Freeze complet de la machine en sortant de X, avec un fglrx > 8.14

Il faut insérer les options qui vont bien dans gdm ou kdm (cf lien), pour forcer le serveur X à redémarrer en sortie. Personnellement, j'ai testé avec gdm, ça résoud le problème.

https://forums.gentoo.org/viewtopic-t-446703.html

Ce bug n'est peut être plus d'actualité. Un retour d'expérience serait bienvenu.

Rien à faire, la version 8.XX.XX de fglrx ne veut pas de ma carte:

A partir de la version 8.29.6, le support de certaines cartes a été abandonné:

 Radeon 8500/9000/9100/9200/9250

 Mobility Radeon 9000/9100/9200

 Radeon IGP 9000/9100/9200

Revenez à la version 8.28.8 ou antérieure, ou bien... passez au driver opensource radeon qui normalement supporte l'accélération sur cette génération de cartes. Vous verrez, la vie sous Linux vous emblera bien plus facile avec lui ^^

Le support des cartes HD2xxx n'est inclus qu'à partir de la version 8.41.

Attention, les cartes plus anciennes (X1xxx et antérieures) ne sont pas officiellement supportées par la 8.41. Il faut attendre la 8.42 pour que le support unifié soit de la partie.

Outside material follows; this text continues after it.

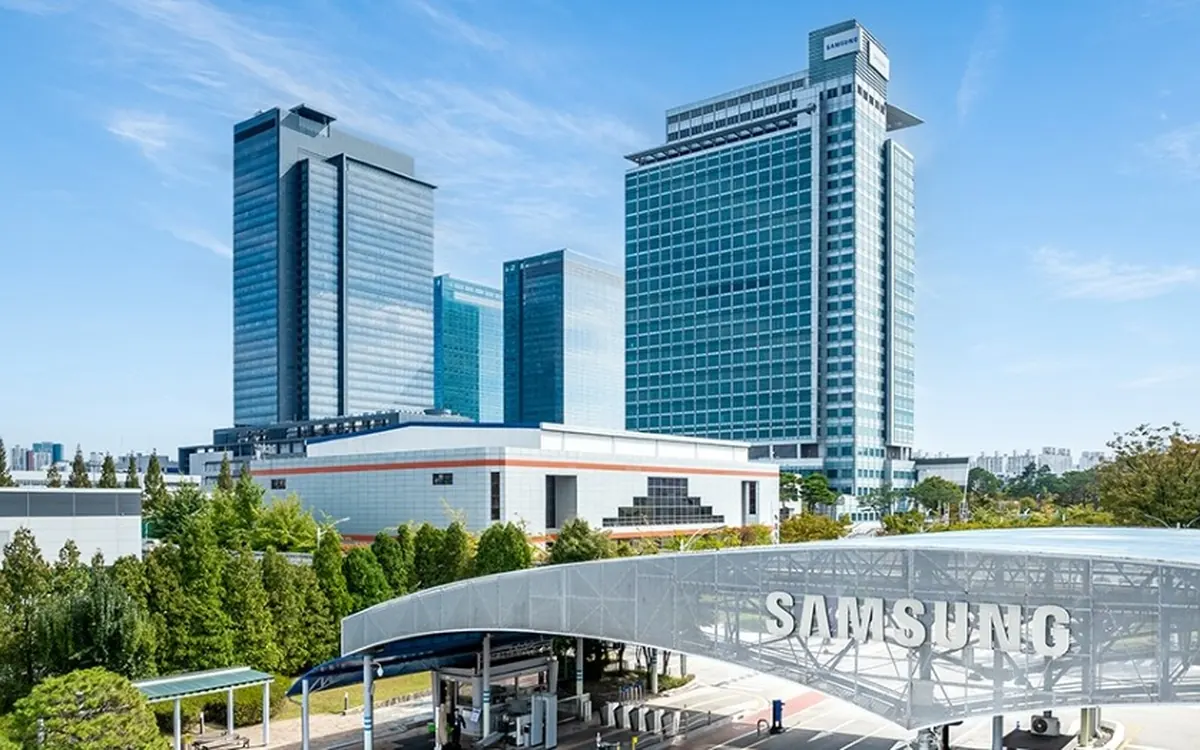 Здания штаб-квартиры Samsung Electronics и въездные ворота с логотипом Samsung, пресс-фото Samsung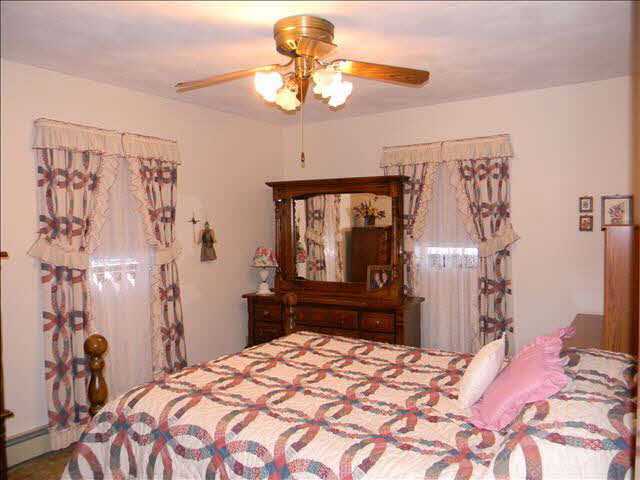 3757 West Erie Road Temperance, MI 48182 - Photo 8 of 12 20394825-7.JPG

Sur 64 bits avec fglrx en version 8.33.6, tout à l'air OK (Direct Rendering=yes & co), mais les applis 3D 32 bits ne trouvent pas l'accélération matérielle et restent en MESA (OpenGL "logiciel"):

Cette version d'ati-drivers-8.33.6 a l'air de souffrir d'un bug non présent sur les versions précédentes

Passer à la version v8.33.6-r1 ou revenir à la v8.32 ou antérieure.

https://forums.gentoo.org/viewtopic-t-538200.html

Ou bien utiliser le contournement suivant: export LIBGL_DRIVERS_PATH=/usr/lib32/modules/dri avant le lancement des applis 32 bits.

http://odin.prohosting.com/wedge01/gentoo-radeon-faq.html#4_amd64nodri

Ecran noir après Suspend-to-RAM

Problème touchant les versions 8.32.5 et 8.33.6, résolu dans la version 8.34.8.

https://forums.gentoo.org/viewtopic-t-537874.html

Lors de la lecture de videos: "déchirement" de l'image, aucun filtrage lors de l'agrandissement produisant une pixellisasion

Le driver version 8.36.5 est buggé concernant les videos. Revenir à la 8.35.5 ou attendre la prochaine version de fglrx, car c'est dans la liste des known issues d'ATI.

Un problème non référencé? Virez le framebuffer! A tous les coup vous n'avez pas mis vesafb, il est le seul driver framebuffer qui cohabite pacifiquement avec fglrx. Sinon, ouvrez un thread sur le forum, et... un linuxien possesseur d'ATI est de toute façon un grand optimiste de la vie, vous n'avez donc aucun soucis à vous faire, on trouvera la solution  :Rolling Eyes: 

III- Section astuces

Que la Schtusse soit avec toi, frère d'arme. Tu as ton driver qui fonctionne (oui, c'est beau un curseur de souris, et dire que certains n'en ont pas conscience... mais je m'égare), et pour que tu ne t'ennuies pas trop, ATI dans son immense générosité t'as octroyé la faveur d'une petite crasse en extra-bonus-time? Alors tu trouveras peut être ton bonheur dans ce qui suit.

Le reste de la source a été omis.